一、Helper类
1.1 简单介绍
目前Seq2Seq包含的Helper主要有TrainingHelper和GreedyEmbeddingHelper.
- TrainingHelper:如名字所说, 适用在训练阶段,功能是: Teacher Forcing.
- GreddyEmbeddingHelper: 适用在测试阶段。
1.2 参数结构
TrainingHelper
tf.contrib.seq2seq.TrainingHelper(inputs, # (batch_size, seq_len, dim)
sequence_length, # (batch_size, )
time_major=False,
name=None)
GreedyEmbeddingHelper
tf.contrib.seq2seq.GreedyEmbeddingHelper(embedding, # 用来做embedding_lookup, 和vocab对应
start_tokens,
end_tokens)
以下是参数的意思:
- embedding: 用来做embedding_lookup, 对应vocab.
- start_tokens: [batch_size, ]
- end_tokens: int32 scalar 注意是标量.
1.3 基本使用
# [go]
tokens_go = tf.ones([config.batch_size], dtype=tf.int32) * w2i_target["_GO"]
# Embedding
decoder_embedding = tf.Variable(tf.random_uniform([config.target_vocab_size, config.embedding_dim]), dtype=tf.float32, name='decoder_embedding')
# 建立decoder_cell
decoder_cell = tf.nn.rnn_cell.GRUCell(config.hidden_dim)
# 创建helper
if useTeacherForcing:
# 训练阶段的 TeacherForcing.
decoder_inputs = tf.concat([tf.reshape(tokens_go,[-1,1]), self.seq_targets[:,:-1]], 1)
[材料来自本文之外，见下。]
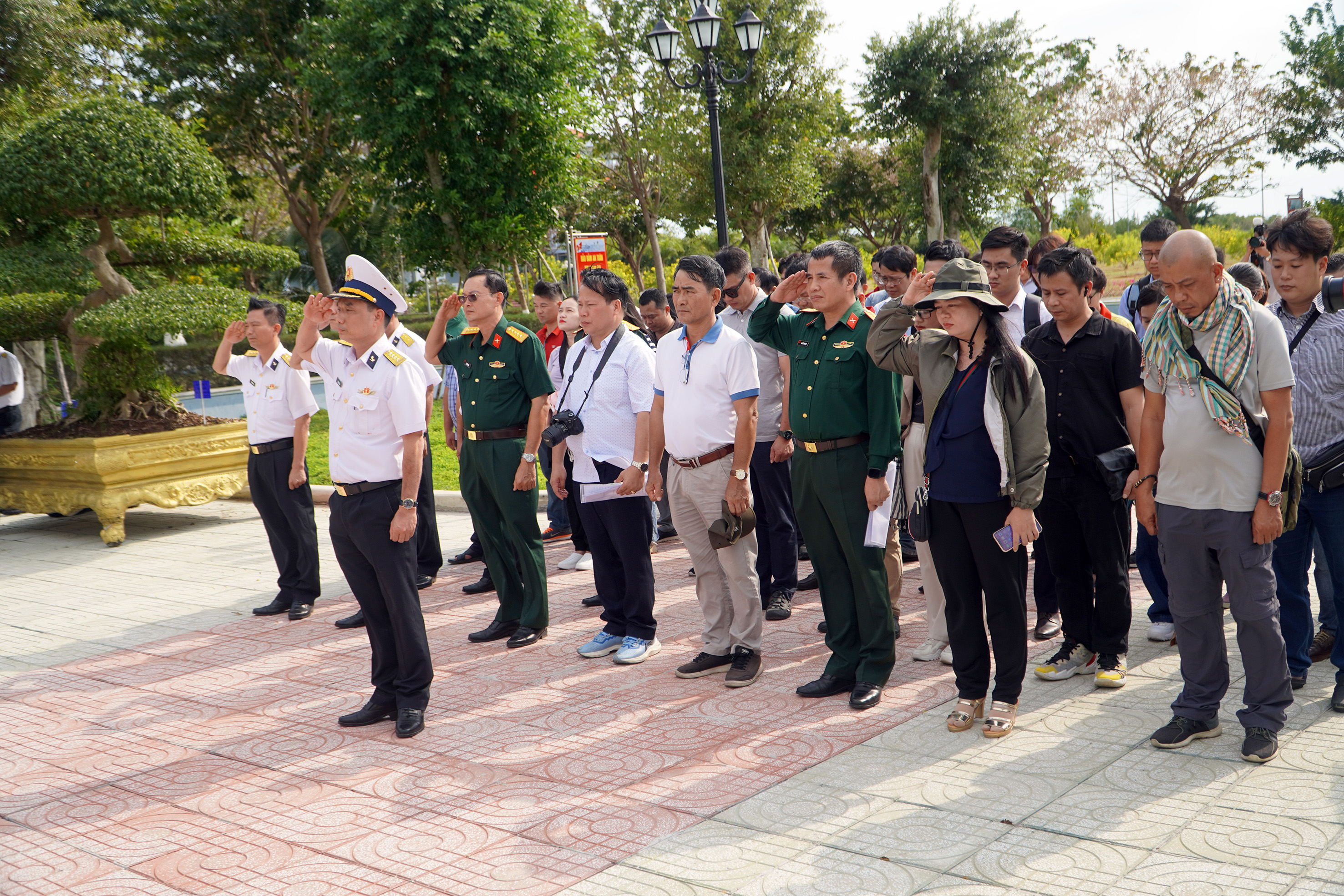 Nghi thức dâng hương tại Tượng đài khuôn viên văn hoá Vùng 2 Hải quân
helper =tf.contrib.seq2seq.TrainingHelper(tf.nn.embedding_lookup(decoder_embedding, decoder_inputs), self.seq_targets_length)
else:
# 推理阶段
helper = tf.contrib.seq2seq.GreedyEmbeddingHelper(decoder_embedding, tokens_go, w2i_target["_EOS"])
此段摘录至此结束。